This book which is in the youth library is a sequel of sorts to The Irresistible Revolution: Living as an Ordinary Radical. The Irresistible Revolution was recommended to me by Helen and Mike and although I have been unable to read that book when Chris recommended Jesus for President I decided to read it and watch the tour DVD. I heard that Claiborne was speaking at Urbana yesterday so it seems fitting to review this book today.
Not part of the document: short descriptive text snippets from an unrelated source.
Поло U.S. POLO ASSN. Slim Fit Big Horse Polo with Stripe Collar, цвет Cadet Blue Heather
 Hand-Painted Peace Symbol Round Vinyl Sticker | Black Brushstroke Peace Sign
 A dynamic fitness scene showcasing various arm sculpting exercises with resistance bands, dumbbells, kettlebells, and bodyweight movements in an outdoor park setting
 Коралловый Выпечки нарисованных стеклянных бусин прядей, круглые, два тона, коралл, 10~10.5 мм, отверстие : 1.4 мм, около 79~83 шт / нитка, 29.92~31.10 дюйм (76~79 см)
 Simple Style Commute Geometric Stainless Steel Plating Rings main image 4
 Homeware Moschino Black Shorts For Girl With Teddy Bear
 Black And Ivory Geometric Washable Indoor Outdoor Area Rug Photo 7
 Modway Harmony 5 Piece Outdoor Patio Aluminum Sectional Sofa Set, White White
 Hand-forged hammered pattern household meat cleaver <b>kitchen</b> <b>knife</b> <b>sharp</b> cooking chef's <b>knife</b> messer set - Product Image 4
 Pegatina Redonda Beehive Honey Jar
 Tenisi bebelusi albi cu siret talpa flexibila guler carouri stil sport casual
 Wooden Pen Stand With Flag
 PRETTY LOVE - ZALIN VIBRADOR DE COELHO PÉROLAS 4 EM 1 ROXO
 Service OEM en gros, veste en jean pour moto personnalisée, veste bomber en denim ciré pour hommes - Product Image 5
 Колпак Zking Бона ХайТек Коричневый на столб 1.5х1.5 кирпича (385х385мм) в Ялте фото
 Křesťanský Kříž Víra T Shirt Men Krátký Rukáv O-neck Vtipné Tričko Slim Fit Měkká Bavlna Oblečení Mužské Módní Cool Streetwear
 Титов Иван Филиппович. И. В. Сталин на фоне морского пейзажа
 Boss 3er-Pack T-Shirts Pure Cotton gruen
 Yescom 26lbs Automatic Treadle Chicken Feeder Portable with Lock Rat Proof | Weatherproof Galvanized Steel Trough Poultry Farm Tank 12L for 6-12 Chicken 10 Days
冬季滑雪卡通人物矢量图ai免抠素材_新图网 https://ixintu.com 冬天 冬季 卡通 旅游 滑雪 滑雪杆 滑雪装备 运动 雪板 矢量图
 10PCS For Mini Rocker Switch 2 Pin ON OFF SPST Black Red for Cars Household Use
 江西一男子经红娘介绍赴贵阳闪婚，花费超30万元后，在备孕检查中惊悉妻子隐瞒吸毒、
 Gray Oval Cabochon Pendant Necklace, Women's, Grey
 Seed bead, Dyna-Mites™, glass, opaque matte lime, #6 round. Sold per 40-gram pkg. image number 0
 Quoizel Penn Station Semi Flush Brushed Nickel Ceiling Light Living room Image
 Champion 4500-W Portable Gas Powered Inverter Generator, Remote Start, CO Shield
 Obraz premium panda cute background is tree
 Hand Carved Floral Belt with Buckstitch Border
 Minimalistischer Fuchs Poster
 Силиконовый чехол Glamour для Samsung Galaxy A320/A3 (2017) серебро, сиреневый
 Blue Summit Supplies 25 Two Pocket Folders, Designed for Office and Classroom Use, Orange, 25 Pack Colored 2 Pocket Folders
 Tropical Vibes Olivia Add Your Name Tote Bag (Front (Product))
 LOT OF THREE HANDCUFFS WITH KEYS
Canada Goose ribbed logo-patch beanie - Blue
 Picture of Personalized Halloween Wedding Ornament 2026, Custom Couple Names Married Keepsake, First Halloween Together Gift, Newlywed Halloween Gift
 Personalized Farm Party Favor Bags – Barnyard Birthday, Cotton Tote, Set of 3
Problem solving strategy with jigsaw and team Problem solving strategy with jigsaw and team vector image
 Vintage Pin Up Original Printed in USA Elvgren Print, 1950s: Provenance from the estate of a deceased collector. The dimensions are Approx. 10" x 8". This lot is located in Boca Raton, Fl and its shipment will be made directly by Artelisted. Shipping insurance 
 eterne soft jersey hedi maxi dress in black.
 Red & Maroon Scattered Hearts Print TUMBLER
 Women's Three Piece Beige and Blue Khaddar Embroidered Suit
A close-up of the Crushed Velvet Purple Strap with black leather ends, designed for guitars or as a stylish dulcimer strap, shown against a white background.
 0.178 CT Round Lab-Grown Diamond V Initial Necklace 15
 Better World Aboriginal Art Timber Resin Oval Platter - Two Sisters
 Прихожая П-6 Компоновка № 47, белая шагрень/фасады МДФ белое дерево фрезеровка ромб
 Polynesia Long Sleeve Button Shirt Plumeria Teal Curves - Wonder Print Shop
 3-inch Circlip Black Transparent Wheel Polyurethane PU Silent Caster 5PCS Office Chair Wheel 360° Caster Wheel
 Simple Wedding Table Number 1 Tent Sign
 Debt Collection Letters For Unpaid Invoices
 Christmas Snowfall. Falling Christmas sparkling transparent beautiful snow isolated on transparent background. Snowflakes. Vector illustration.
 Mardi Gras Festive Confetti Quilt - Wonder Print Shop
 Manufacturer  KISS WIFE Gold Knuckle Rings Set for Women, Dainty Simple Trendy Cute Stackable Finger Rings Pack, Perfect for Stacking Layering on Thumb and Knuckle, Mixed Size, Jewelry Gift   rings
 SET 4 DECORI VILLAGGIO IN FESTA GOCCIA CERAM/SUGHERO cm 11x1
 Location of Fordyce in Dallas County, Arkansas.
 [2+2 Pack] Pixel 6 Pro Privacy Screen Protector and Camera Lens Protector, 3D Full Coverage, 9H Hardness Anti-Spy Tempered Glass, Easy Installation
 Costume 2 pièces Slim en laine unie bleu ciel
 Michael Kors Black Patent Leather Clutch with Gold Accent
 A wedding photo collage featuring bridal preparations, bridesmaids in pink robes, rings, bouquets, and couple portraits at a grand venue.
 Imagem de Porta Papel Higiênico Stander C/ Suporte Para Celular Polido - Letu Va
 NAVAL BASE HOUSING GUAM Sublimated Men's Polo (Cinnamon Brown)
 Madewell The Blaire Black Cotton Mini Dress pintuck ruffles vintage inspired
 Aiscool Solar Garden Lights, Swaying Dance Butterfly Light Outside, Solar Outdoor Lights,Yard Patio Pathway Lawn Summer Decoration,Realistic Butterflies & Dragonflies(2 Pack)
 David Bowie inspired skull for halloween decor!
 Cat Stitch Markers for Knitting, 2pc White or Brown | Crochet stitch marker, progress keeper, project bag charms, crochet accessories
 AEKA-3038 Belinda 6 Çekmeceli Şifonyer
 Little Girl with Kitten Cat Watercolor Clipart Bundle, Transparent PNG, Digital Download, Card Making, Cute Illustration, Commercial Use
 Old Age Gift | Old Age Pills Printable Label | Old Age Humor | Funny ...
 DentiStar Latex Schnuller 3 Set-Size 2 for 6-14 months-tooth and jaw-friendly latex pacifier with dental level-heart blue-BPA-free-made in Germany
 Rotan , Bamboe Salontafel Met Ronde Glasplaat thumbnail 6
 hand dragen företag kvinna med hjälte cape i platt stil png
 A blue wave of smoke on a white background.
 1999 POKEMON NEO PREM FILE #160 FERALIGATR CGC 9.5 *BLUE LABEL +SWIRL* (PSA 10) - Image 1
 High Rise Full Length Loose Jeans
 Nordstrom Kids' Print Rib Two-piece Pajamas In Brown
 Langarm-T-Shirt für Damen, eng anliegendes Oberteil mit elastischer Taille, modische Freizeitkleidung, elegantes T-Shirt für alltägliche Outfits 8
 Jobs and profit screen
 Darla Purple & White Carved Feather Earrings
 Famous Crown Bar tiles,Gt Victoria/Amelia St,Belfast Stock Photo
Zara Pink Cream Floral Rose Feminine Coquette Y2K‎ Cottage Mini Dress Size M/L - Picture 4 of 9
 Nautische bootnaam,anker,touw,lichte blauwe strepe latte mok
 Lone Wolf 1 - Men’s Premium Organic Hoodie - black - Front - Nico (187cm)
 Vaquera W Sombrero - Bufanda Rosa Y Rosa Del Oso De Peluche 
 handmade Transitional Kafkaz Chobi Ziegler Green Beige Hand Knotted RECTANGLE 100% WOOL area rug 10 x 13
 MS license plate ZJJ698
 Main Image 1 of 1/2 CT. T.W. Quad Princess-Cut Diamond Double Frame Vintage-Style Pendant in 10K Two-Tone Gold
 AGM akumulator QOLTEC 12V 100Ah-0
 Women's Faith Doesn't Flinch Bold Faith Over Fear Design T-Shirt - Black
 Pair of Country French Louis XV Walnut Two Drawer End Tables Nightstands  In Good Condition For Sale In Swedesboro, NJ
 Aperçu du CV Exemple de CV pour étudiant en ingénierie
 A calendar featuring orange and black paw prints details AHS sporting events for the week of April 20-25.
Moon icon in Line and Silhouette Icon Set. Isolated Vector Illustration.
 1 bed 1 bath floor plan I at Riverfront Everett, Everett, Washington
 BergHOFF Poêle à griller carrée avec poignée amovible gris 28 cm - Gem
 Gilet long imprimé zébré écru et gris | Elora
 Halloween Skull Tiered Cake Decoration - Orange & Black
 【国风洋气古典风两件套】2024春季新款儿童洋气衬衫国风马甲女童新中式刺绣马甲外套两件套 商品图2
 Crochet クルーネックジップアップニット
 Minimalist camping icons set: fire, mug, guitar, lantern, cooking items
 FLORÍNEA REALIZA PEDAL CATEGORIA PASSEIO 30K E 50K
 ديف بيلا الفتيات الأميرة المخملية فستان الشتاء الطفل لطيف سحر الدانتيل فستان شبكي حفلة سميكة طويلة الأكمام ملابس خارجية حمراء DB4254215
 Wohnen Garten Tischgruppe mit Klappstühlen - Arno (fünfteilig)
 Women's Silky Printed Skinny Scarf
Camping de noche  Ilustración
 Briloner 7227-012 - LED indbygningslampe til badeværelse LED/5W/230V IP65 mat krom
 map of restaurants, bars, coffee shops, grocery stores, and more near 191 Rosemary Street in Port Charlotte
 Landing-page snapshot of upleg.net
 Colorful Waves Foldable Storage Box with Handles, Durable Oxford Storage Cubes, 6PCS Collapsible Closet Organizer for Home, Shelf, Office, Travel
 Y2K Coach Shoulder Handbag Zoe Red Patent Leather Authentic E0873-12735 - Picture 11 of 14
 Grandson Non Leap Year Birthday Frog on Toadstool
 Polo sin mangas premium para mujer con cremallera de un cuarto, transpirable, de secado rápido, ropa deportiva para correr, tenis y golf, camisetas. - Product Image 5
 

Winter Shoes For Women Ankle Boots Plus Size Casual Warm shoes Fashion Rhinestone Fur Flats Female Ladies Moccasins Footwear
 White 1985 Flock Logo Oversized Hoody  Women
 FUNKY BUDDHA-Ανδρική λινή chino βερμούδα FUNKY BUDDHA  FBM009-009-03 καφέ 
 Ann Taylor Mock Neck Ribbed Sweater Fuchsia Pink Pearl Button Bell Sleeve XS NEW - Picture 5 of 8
As they state in the introduction, this is a book to “provoke the Christian political imagination.” To that end they begin with a selective survey of the Bible beginning with the Old Testament. Considerable time is spent looking at Jesus, not surprisingly. Jesus is represented as a pacifist facing off against the Roman Empire. Similarly, Christians today face off against the American Empire. This book is very USA-centric, focusing on American foreign policy and the war in Iraq and Afghanistan, although they do attack nationalism as a concept: “Maybe it’s time for Christians all over the world to lay down the flags of their nations and together raise the banner of God. The Christian icon is…a slaughtered lamb” (197).
The main focus of attention is the US military with economic policy coming a close second. I find it ironic that Zondervan, owned by one of the world’s richest men, has published this book declaring that everyone should live in simplicity and share their wealth. Their pacifism and anti-war rhetoric is also ironic given that all 175 of Murdoch’s papers ran editorials in support of the 2003 invasion of Iraq. I wonder how Claiborne and Haw feel about that.
Whether or not you agree with Claiborne and Haw this book is required reading for anyone involved in ministry among young adults or concerned with the place of the church in American society.
I was also introduced to Mark Twain’s poem The War Prayer. It was written in response to American military intervention in the Philippines but wasn’t published until 1916 (Twain died in 1910).